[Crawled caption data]

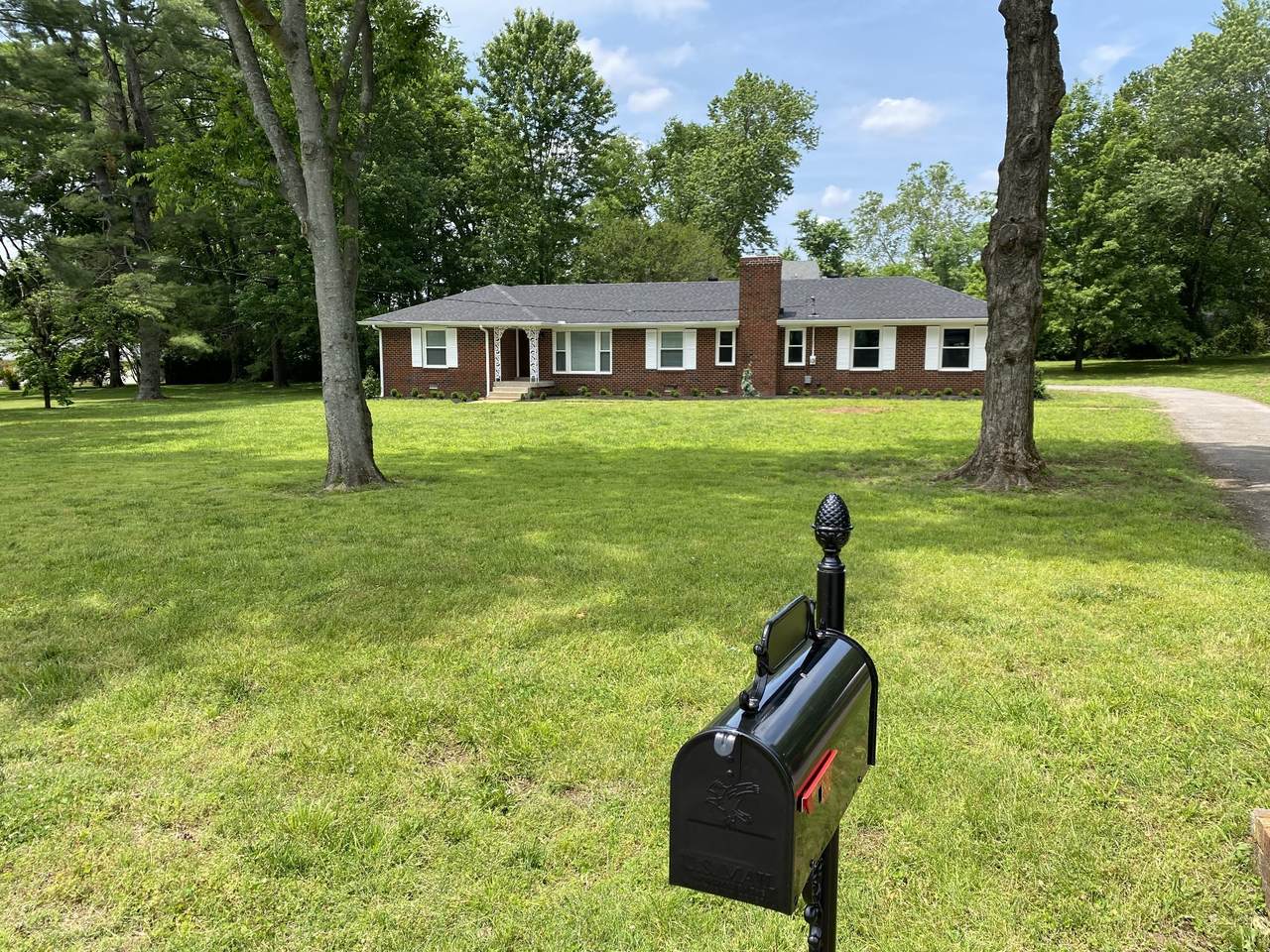 https://bt-photos.global.ssl.fastly.net/nashville/1280_boomver_1_RTC2930065-1.jpg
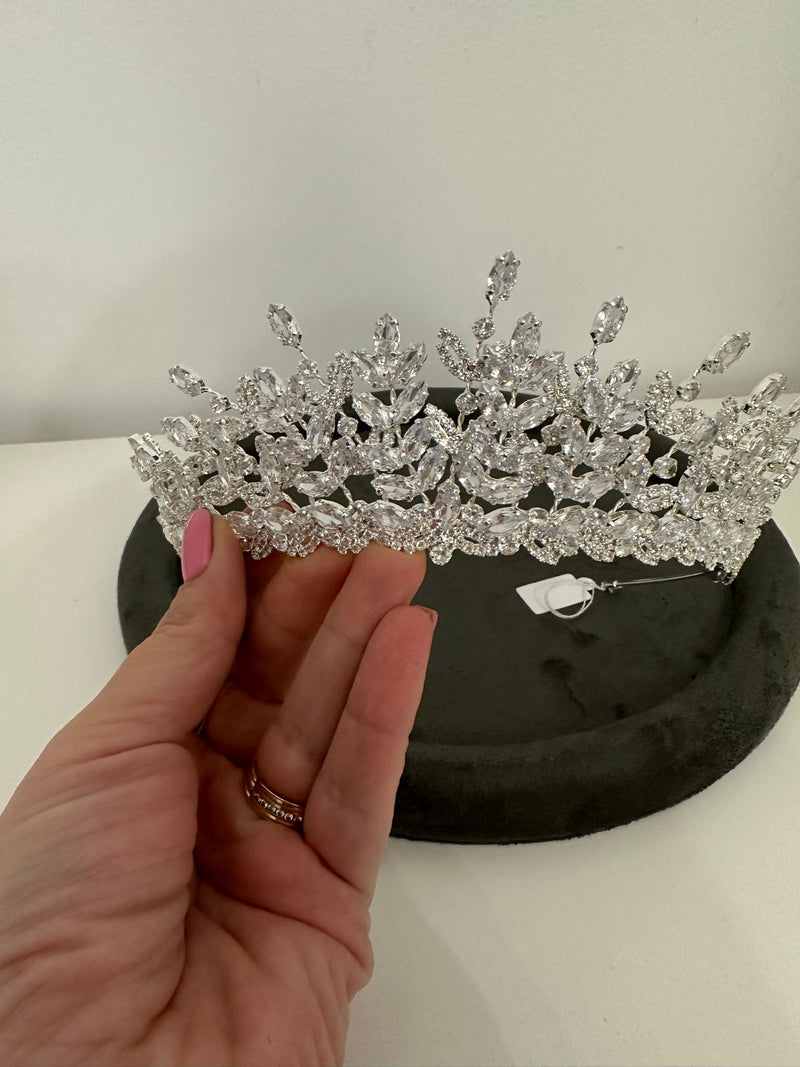 Diadema stil coroana cu pietricele pentru mireasa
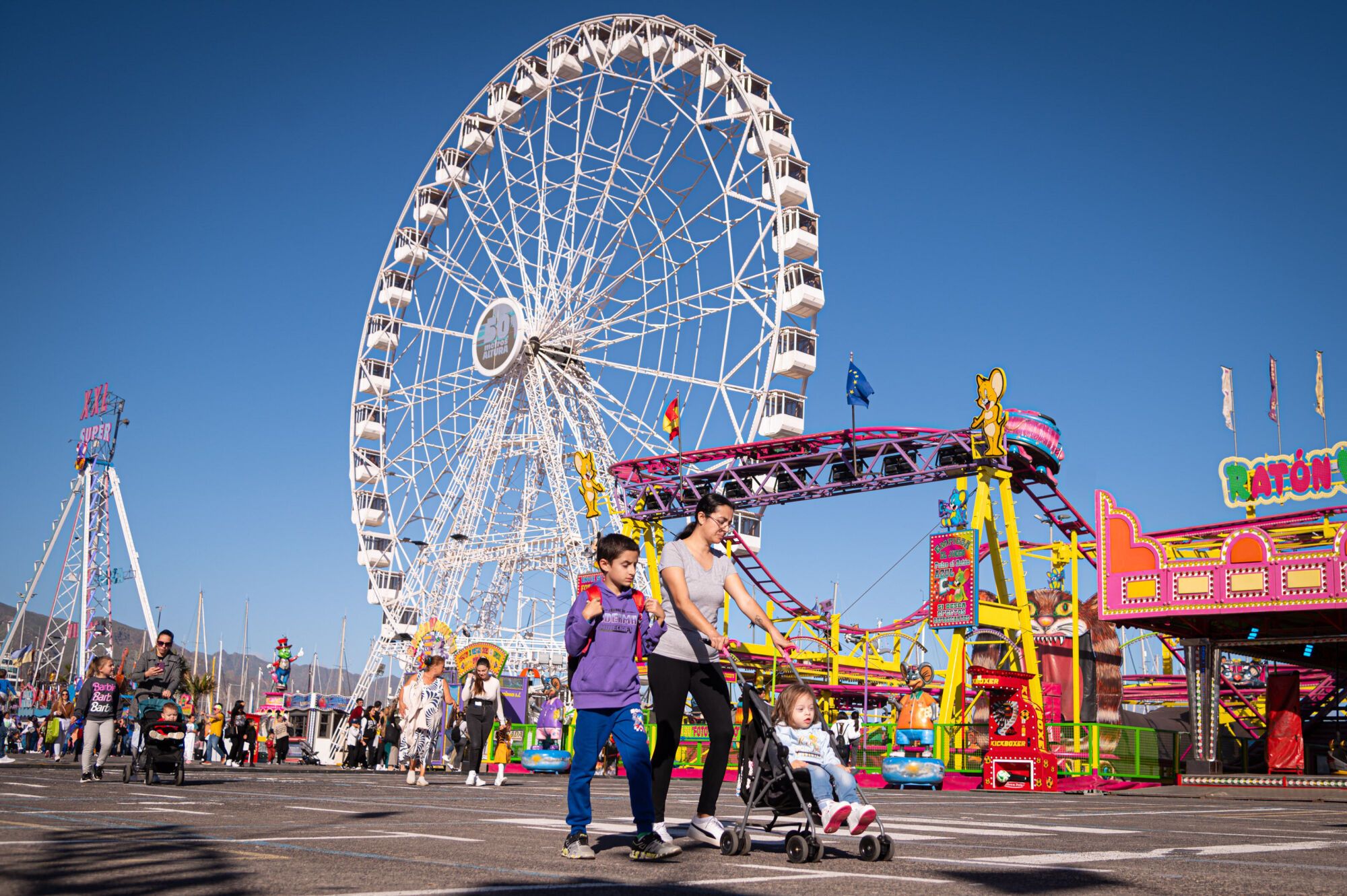 José Manuel Bermúdez visita la Feria de Atracciones por el Carnaval de Santa Cruz de Tenerife 2025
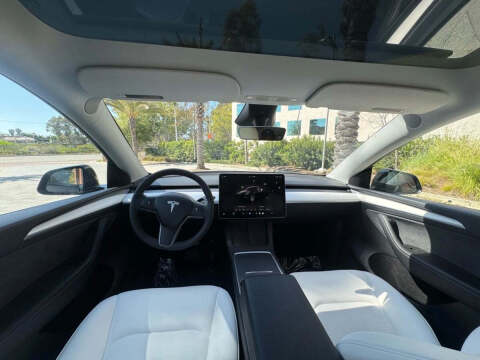 2024 Tesla Model Y Long Range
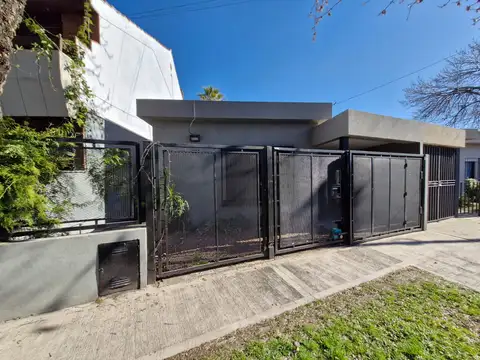 PH 4 Ambientes en Venta con Cochera Cubierta en Ituzaingo Norte!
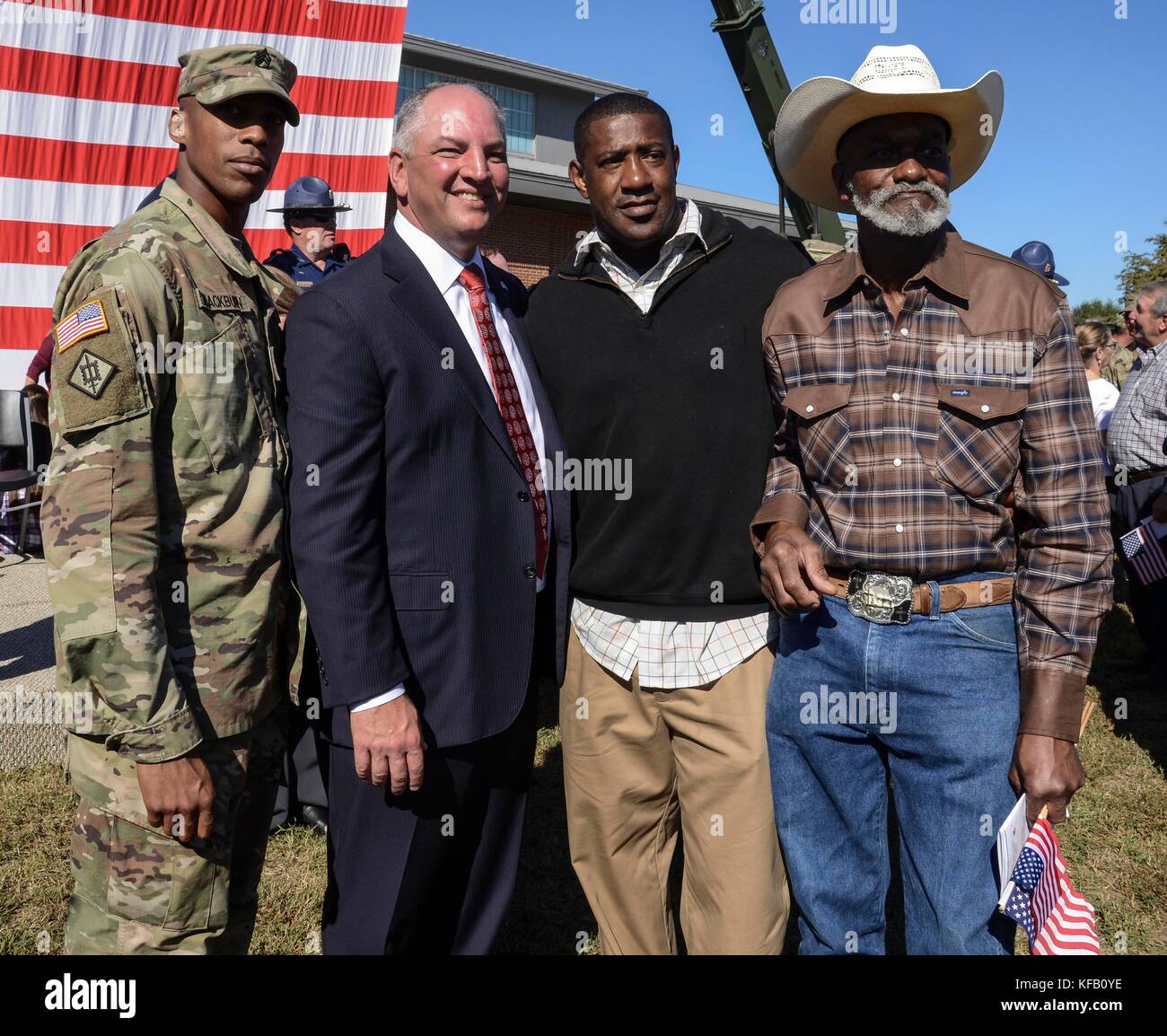 Usa Louisiana Governor John bel Edwards (zweiter von links) trifft mit US-Soldaten während einer Bereitstellung die Zeremonie an der avoyelles öffentlichen charter school Oktober 18, 2017 in Mansura, Louisiana. (Foto durch noshoba Davis über planetpix) Stockfoto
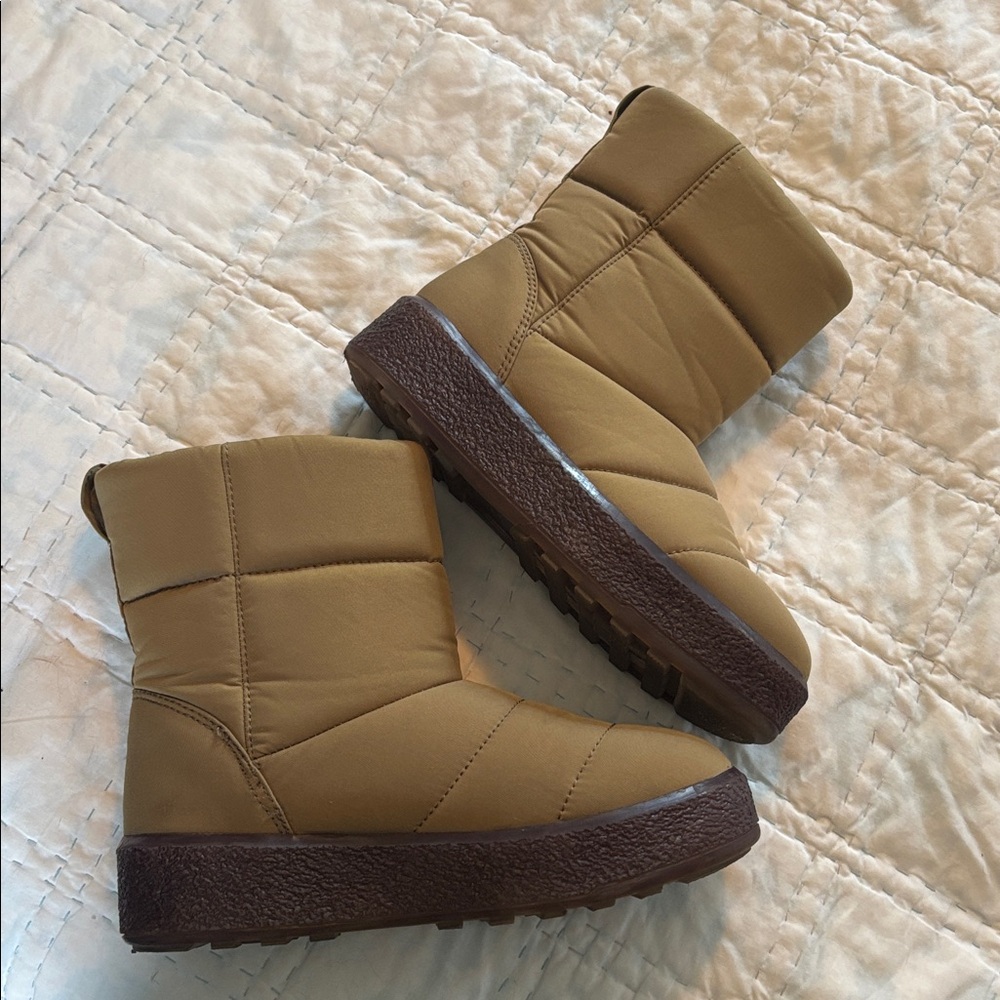 Madewell the toasty puffer boot sz 7 winter boots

TASK GOAL — Set down every entry above without alteration, but print no images.

WRITTEN ANSWER —
 https://bt-photos.global.ssl.fastly.net/nashville/1280_boomver_1_RTC2930065-1.jpg
 Diadema stil coroana cu pietricele pentru mireasa
 José Manuel Bermúdez visita la Feria de Atracciones por el Carnaval de Santa Cruz de Tenerife 2025
 2024 Tesla Model Y Long Range
 PH 4 Ambientes en Venta con Cochera Cubierta en Ituzaingo Norte!
 Usa Louisiana Governor John bel Edwards (zweiter von links) trifft mit US-Soldaten während einer Bereitstellung die Zeremonie an der avoyelles öffentlichen charter school Oktober 18, 2017 in Mansura, Louisiana. (Foto durch noshoba Davis über planetpix) Stockfoto
 Madewell the toasty puffer boot sz 7 winter boots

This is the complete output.